A Rebuttal to “Artificial Intelligence Agents in Cancer Research and Oncology” (Nature Reviews Cancer, 2025). We simulate The 100 Prisoners Problem to illustrate.
To support our work, consider a paid subsription.
The Nature Reviews Cancer article by Truhn, Azizi, Zou, Cerda-Alberich, Mahmood, and Kather (2025) cautiously promotes the use of AI agents in cancer research and clinical oncology. But in its careful delineation of agents as workflow-augmented tools and its equivocation on the necessity of multi-agent systems, the paper preserves institutional authority at the cost of scientific progress. This rebuttal argues that the core pathology of modern cancer research is not lack of tools, but the human enforcement of a narrow hypothesis space. Lives are lost not from lack of models, but from the policing of which questions may be asked. Contrary to Truhn et al.’s recommendations, multi-agent AI systems must be deployed not as clinical assistants, but as adversarial epistemic instruments: reality-checking, hypothesis-expanding, and outcome-optimizing systems that challenge the assumptions humans leave unexamined. Anything less is both ethically and scientifically insufficient.

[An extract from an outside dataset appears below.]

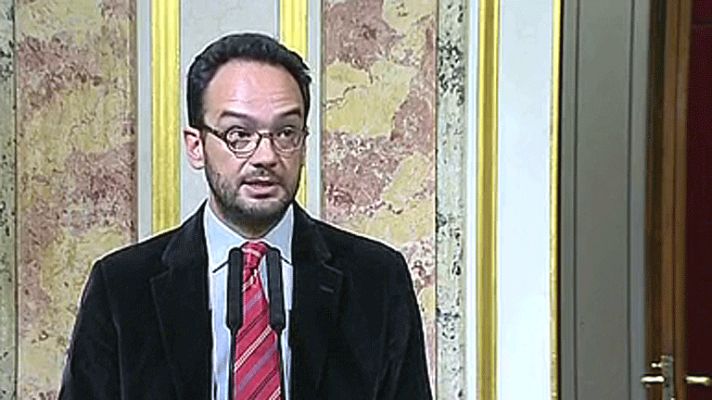 Telediario 1 - PSOE revisa cuentas del PP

What the Nature Review Gets Right
The review provides a valuable taxonomy: distinguishing tool-augmented large language models (LLMs) from truly agentic systems that can plan, call external functions, interact with environments, and persist knowledge across contexts. The authors acknowledge that cancer research and care involve longitudinal, multi-modal, decision-laden workflows—a context well-suited to agentic reasoning. They do not overclaim. They warn against anthropomorphism. They acknowledge the inadequacy of benchmark-driven evaluation in healthcare contexts. These are important signals of caution.

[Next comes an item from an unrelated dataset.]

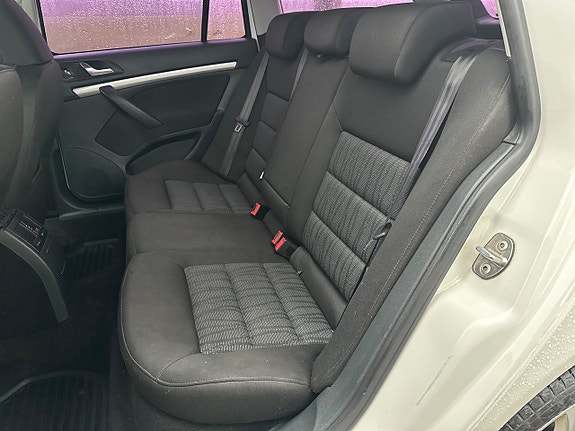 Skoda Octavia 13 of 18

But beyond this scaffolding, the review makes a structural retreat.
What the Review Protects—and Why That Matters
Regulatory Comfort and Auditability
By framing agents as narrow-purpose assistants that must remain under explicit human control, the review aligns AI development with current regulatory norms: a model as a device, with a human in the loop, for a task with defined scope and measurable performance. This is familiar. It is also insufficient.
Multi-agent systems fracture this simplicity. They introduce emergent behavior, distributed reasoning, and adversarial dynamics. They are harder to certify, harder to audit, and harder to constrain. The review hedges against this complexity not because it is unimportant, but because it is ungovernable under current institutional logic.
Epistemic Sovereignty
The authors preserve the professional monopoly on defining what constitutes a legitimate research question, a valid hypothesis, or an acceptable optimization goal. Nowhere in the review is the possibility entertained that an agentic system might surface better hypotheses than a clinical trial board, or discover outcome-improving regimens that contradict treatment guidelines.

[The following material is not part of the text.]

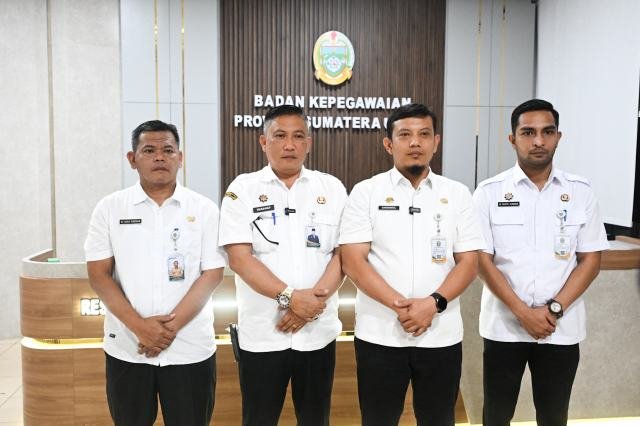 Plt Kepala Badan Kepegawaian Pemerintahan Provinsi Sumatera Utara (Sumut) Chusnul Fanany Sitorus bersama Kepala Dinas Kominfo Sumut Erwin Hotmansah Harahap, saat memberi keterangan terkait kekeliruan informasi tentang pembukaan 9.759 formasi CPNS pada tahun 2026 oleh Pemprov Sumut, di Kantor Bapeg Sumut, Jalan Tengku Daud, Medan, Rabu (6/5/2026). Foto/Diskominfo Sumut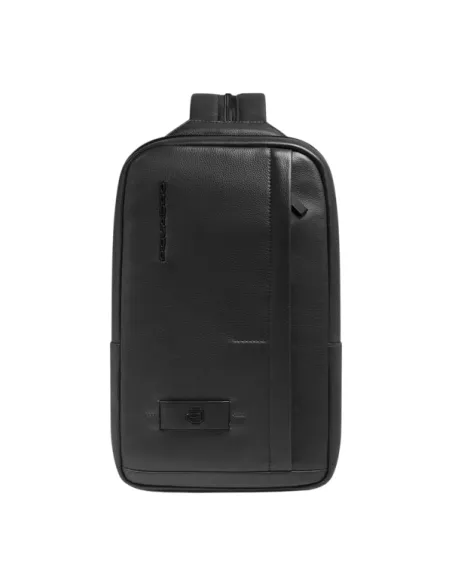 Zaino monospalla in pelle porta iPad® con sistema di sicurezza antifurto Piquadro Russel, nero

This is not a failure of imagination. It is an effort to contain what would happen if machine epistemology began to outperform human medical dogma—to preserve the final editorial word for humans, regardless of performance.
Defensibility Over Discovery
The review implicitly prioritizes defensibility over optimality. By casting multi-agent systems as potentially unnecessary and emphasizing single-agent pipelines with human checkpoints, it favors answers that can be explained over answers that are right.
In practice, this means preserving workflows that can be justified to regulatory bodies and professional societies, even if those workflows underperform alternative ones discoverable by multi-agent reasoning. That is a governance stance—not a scientific one.
The Case for Multi-Agent Systems as Epistemic Reality Checks
Medicine Does Not Optimize What It Claims To
Medicine does not, in fact, optimize health outcomes. It optimizes proxy incentives: guideline adherence, billing compliance, trial feasibility, and professional defensibility. Clinicians follow rules that are shaped by precedent, not by continuously updated outcome evidence. Most hypotheses are never tested because they are politically, reputationally, or institutionally inadmissible. The result is what we might call epistemic truncation: a narrowing of the search space that sacrifices discovery for stability.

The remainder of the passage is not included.